Special to The Times
National security is supposed to be the Republicans' strength. That has not been the case in recent years as the Republicans have stumbled into one mess after another. These missteps have provided Sen. Barack Obama an opportunity to make national security his issue.
Public polling shows that Democrats have suffered from a "national-security deficit" for decades. The two basic Democratic approaches to this deficit — pivot to domestic policy or parrot GOP toughness — have failed to reassure the American people.
But eight years of George W. Bush's foreign policy have weakened the Republicans' claim to national-security competence. Obama seems to recognize this and has not shied away from a vigorous debate about foreign affairs.
Coming from the party less trusted on security and unable to rely on meaty foreign-policy credentials, Obama's policies have to be twice as smart. Ironically, it is this supposed foreign-policy lightweight whose ideas are gaining the most traction around the world.
Calling the Iraq invasion a strategic blunder in 2002 was prescient, but it is Obama's 2008 strategy to end the war in Iraq that should matter most to voters.
Having spent 15 months in Iraq and seeing the failed policies there firsthand, it certainly matters to me. Iraqi Prime Minister Nouri al-Maliki has essentially endorsed Obama's plan, President Bush now supports bringing home U.S. troops under a euphemistic "general time horizon," and even the presumptive Republican presidential nominee, Sen. John McCain, promises to have American forces out of Iraq by 2013. Indeed, when it comes to Iraq, Obama has been ahead of everybody else.
Long ridiculed by Republicans for his willingness to meet with leaders from Iran, Obama's approach has been partially adopted by the Bush administration. Sending the State Department's top ambassador to meet with the Iranians signals that diplomacy, rather than the saber-rattling, is a better bet to halt the Iranian nuclear program.
Finally, Obama's long-standing emphasis on renewing the "forgotten war" against al-Qaida and the Taliban in Afghanistan is now being echoed by the secretary of defense and even McCain, both calling for more troops to be deployed there.
Obama must continue to press the fact that his foreign-policy ideas — not McCain's — are gaining traction in the real world. He should continue to challenge McCain on national security and resist any temptation to focus exclusively on the Democrat's bread-and-butter domestic issues.
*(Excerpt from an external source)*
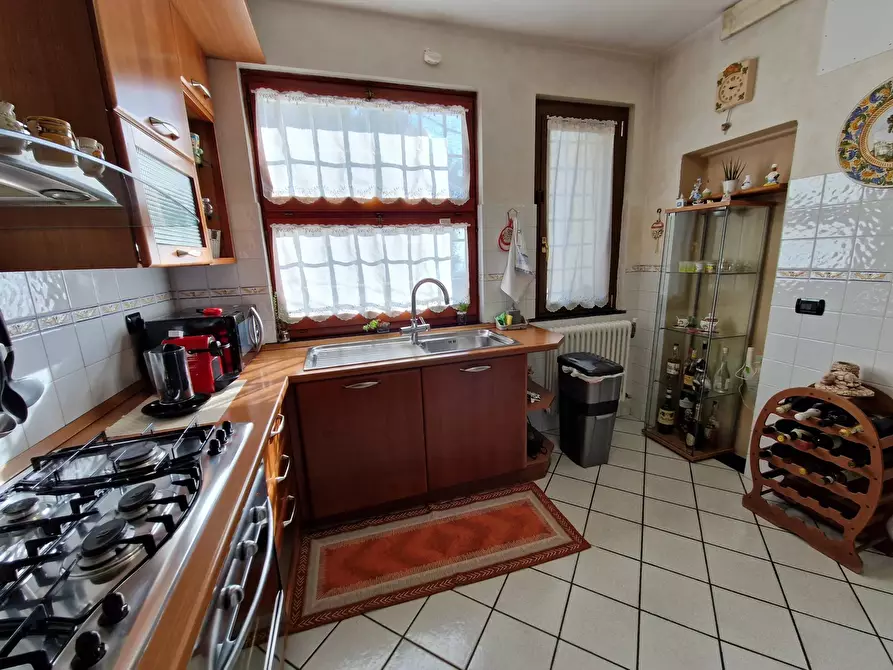 Immagine 25 di Casa trifamiliare in vendita  in Sant'Andrea di Rovereto a Chiavari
Finally, he should use this opportunity to develop a progressive vision for national security and convince voters that his worldview is superior to the proven failures of the Bush-McCain vision.
By taking the national-security fight to McCain, Obama can help expose how overreliant McCain is on his impressive biography. Five years as a POW in North Vietnam and two decades as a U.S. senator have certainly insulated McCain from much of the media scrutiny that Washington newcomer Obama faces on national-security issues. And for much of the American public, it is taken as a matter of fact that McCain is "solid" on national security.
However, McCain has collected a pileup of public gaffes on foreign affairs, an area in which he is supposed to be the expert. Confusing Shia for Sunni, mistaking Somalia for Sudan, referring to the Iraq-Pakistan border, which are 1,500 miles apart, all seem to suggest that when it comes to mastering foreign-policy details, McCain may be resting on his well-earned laurels instead of actively striving to understand the world around us.
McCain's challenge is to move beyond the past and explain more clearly to the American people his vision for the U.S. in the world. Presumably, McCain has such a vision, having been in the national-security arena for so long. But you wouldn't know it in looking at his campaign Web site, which rather conspicuously lacks a foreign-policy issues section.
Obama can use the rest of the campaign to reframe and promote a strong national-security vision that voters will respond to in November. Adding an articulate foreign-policy expert in Sen. Joseph Biden, D-Del., to the ticket demonstrates that Obama is gearing up to go head-to-head with McCain.
This unique opportunity to break the stranglehold of GOP electoral dominance on national security should be grasped by Obama and embraced by American voters if the U.S. is to recover from the foreign policy failures of the Bush administration.